The Attempt at a Solution

I know the system is non linear but I cannot explain why. It has something to do with 2(k1+k2) but I am unsure.

 

[berkeman]

Homework Statement

3y(t)+2=x(t)

Homework Equations

k1y1(t) + k2y2(t) + 2(k1+k2) = k1x1(t)+k2x2(t)

The Attempt at a Solution

I know the system is non linear but I cannot explain why. It has something to do with 2(k1+k2) but I am unsure.

Why do you say you know it's non-linear?

 

[Mark44]

How are you defining the term "linear"? In some contexts, this term implies that the graph of the relationship is a straight line. In the context of linear transformations, the conditions for linearity are that $L(x_1 + x_2) = L(x_1) + L(x_2)$ and that $L(cx) = cL(x)$.

k1y1(t) + k2y2(t) + 2(k1+k2) = k1x1(t)+k2x2(t)

You put this equation in the Relevant equations section.
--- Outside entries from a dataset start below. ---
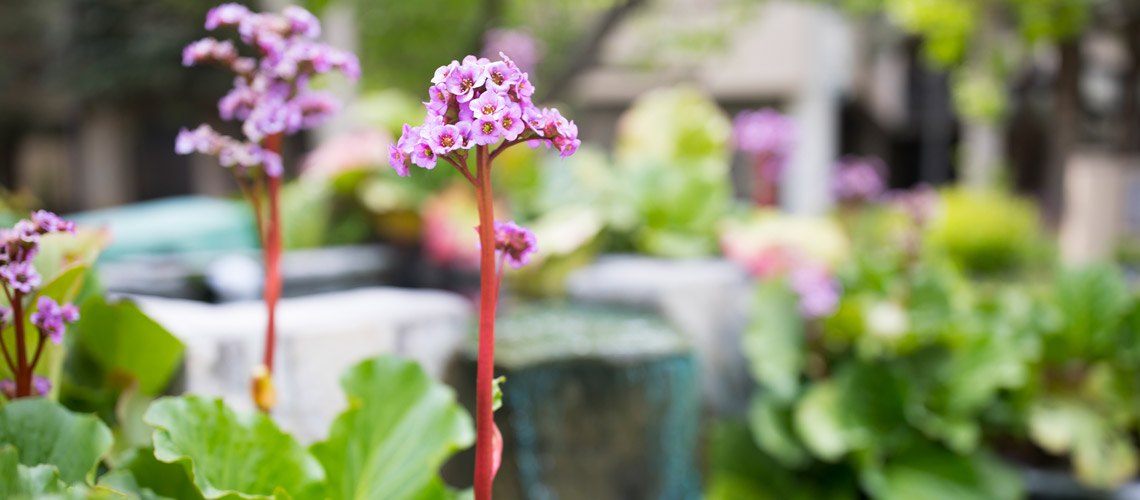 john-garden-memorial-park-zoom-1140x500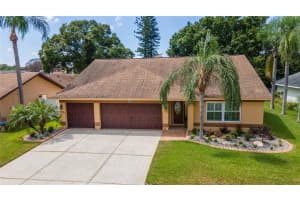 12915 ASTORWOOD PLACE, RIVERVIEW, FL 33579 Sold 02/05/25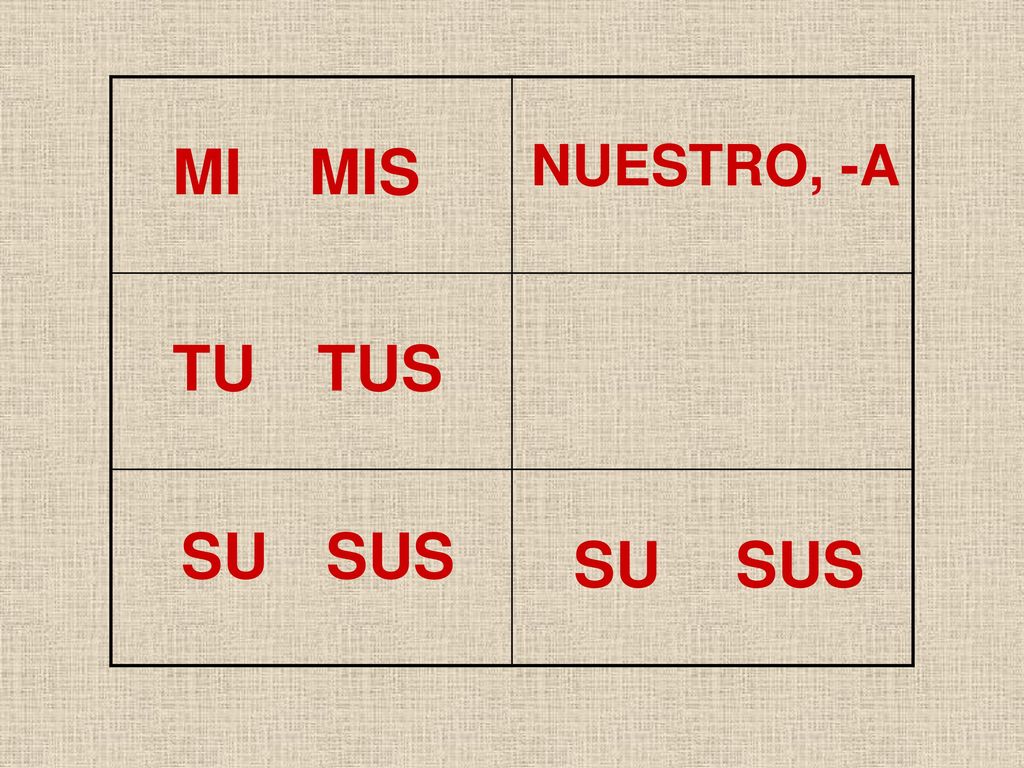 MI MIS NUESTRO, -A TU TUS SU SUS SU SUS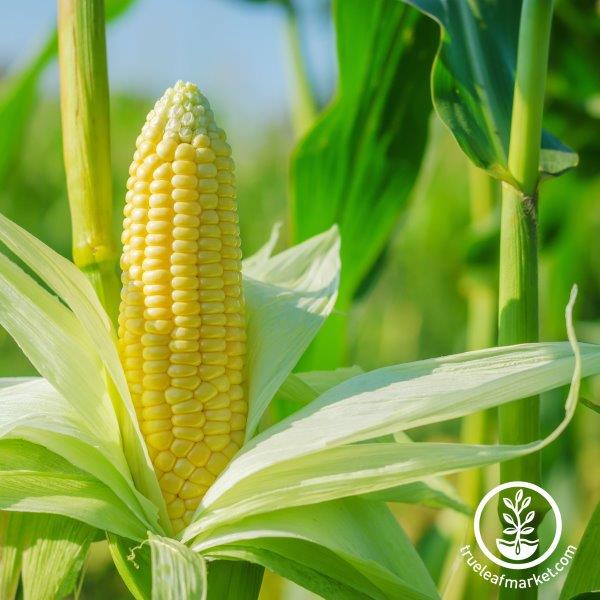 sweet abundance corn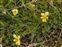 Plant, Viola lutea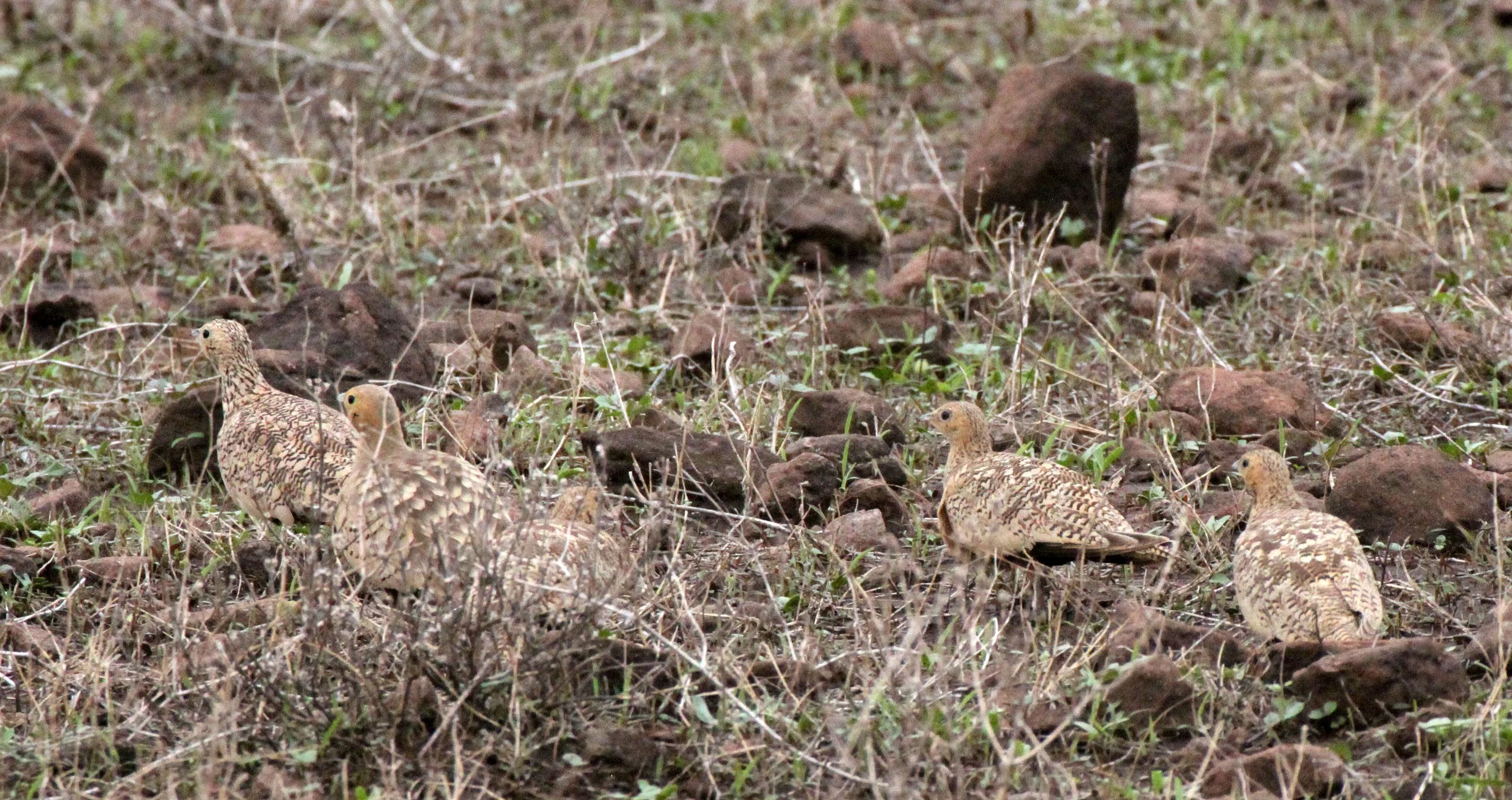 Chestnut-bellied Sandgrouse (Pterocles exustus) Ali Dege Plains Ethiopia (2).JPG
How is it relevant to this problem?

 

[physicsgirl199]

it is both the properties you have described but I have combined them into one equation.

also it was marked as nonlinear in the solution manual

 

[Mark44]

You could write the given equation as $y(t) = \frac 1 3 x(t) - \frac 2 3$
Now check the two properties separately.
1) Is $y(t_1 + t_2) = y(t_1) + y(t_2)$?
2) Is $y(k \cdot t_1) = k \cdot y(t_1)$?

If both of the above are true for all values of t, the relationship is linear; otherwise, it's nonlinear.

 

[Ray Vickson]

it is both the properties you have described but I have combined them into one equation.
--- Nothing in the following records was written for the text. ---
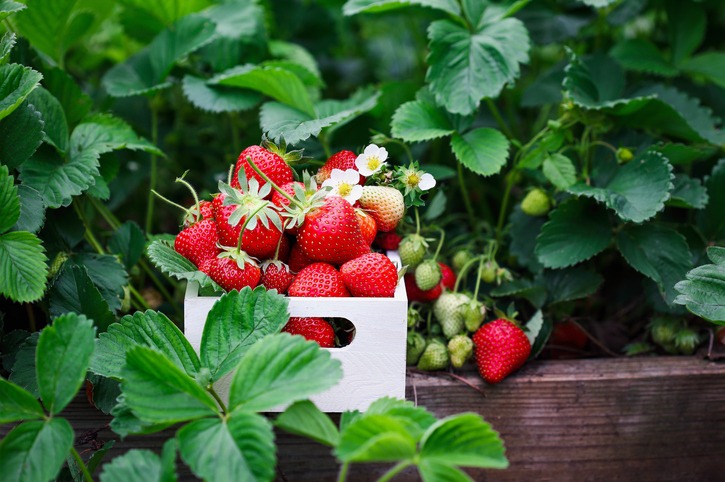 Fresh organic strawberries in a white wood basket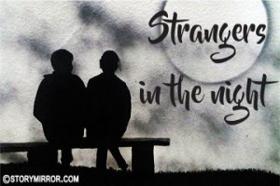 Strangers In The Night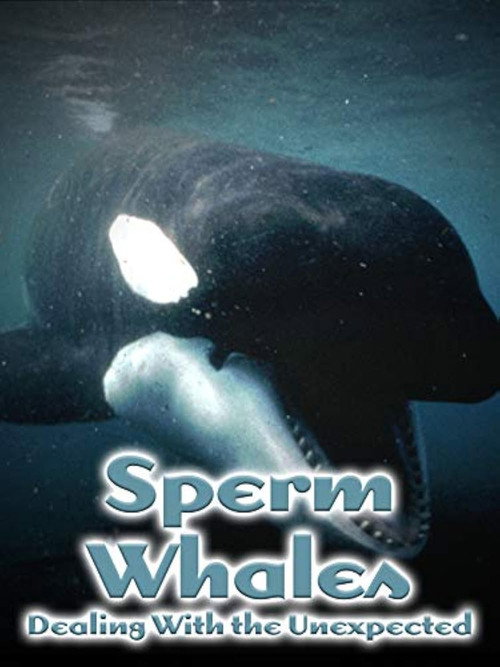 Sperm Whales: Dealing with the Unexpected official trailer poster
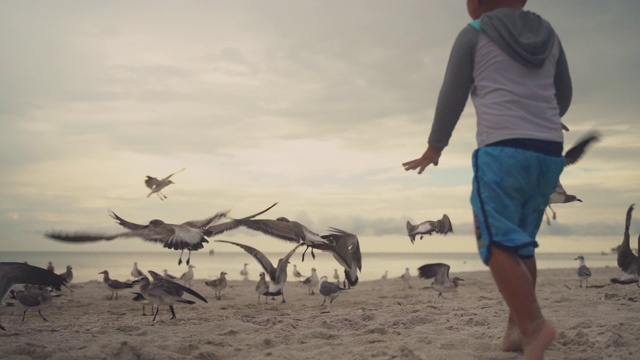 那不勒斯海滩上追逐海鸥的男孩视频下载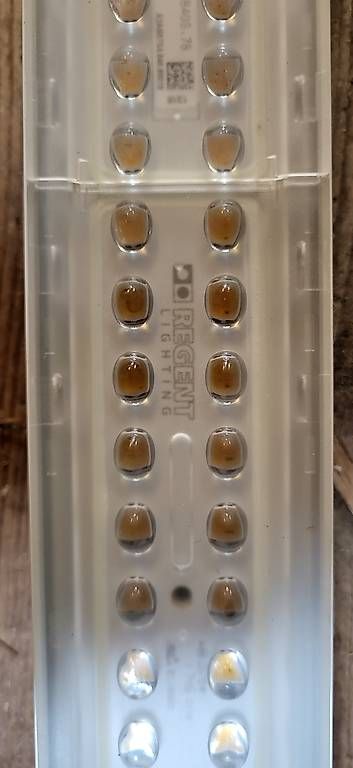 Regent Lampadari & plafoniere: REGENT lighting Philips LED – Usato da Jakobsbad venduto da WEGO_9245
also it was marked as nonlinear in the solution manual

I think it is a bit ambiguous.

If your equation $3y(t)+2 = x(t)$ describes a "dynamical system", then it is not linear because if $(x_1(t),y_(t))$ and $(x_2(t),y_2(t))$ are two solutions, the pair $(x_1(t)+x_2(t),y_1(t)+y_2(t))$ is not a solution, nor is $(cx_1(t),cy_2(t))$ for a constant $c \neq 1$.
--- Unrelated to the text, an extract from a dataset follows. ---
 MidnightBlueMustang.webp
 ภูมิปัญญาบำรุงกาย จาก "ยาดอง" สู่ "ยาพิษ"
On the other hand the equation $x - 3y = 2$ is what would normally be called "linear equation"---meaning that the left-hand-side in $f(x,y) = c$ is a linear function of $x,y$. Perhaps that is a bit of abuse of language, but it is nevertheless standard usage in describing equations. We do something similar when we call a differential equation such as $dy/dx + 2 y = x^2$ a (non-homogeneous) linear differential equation!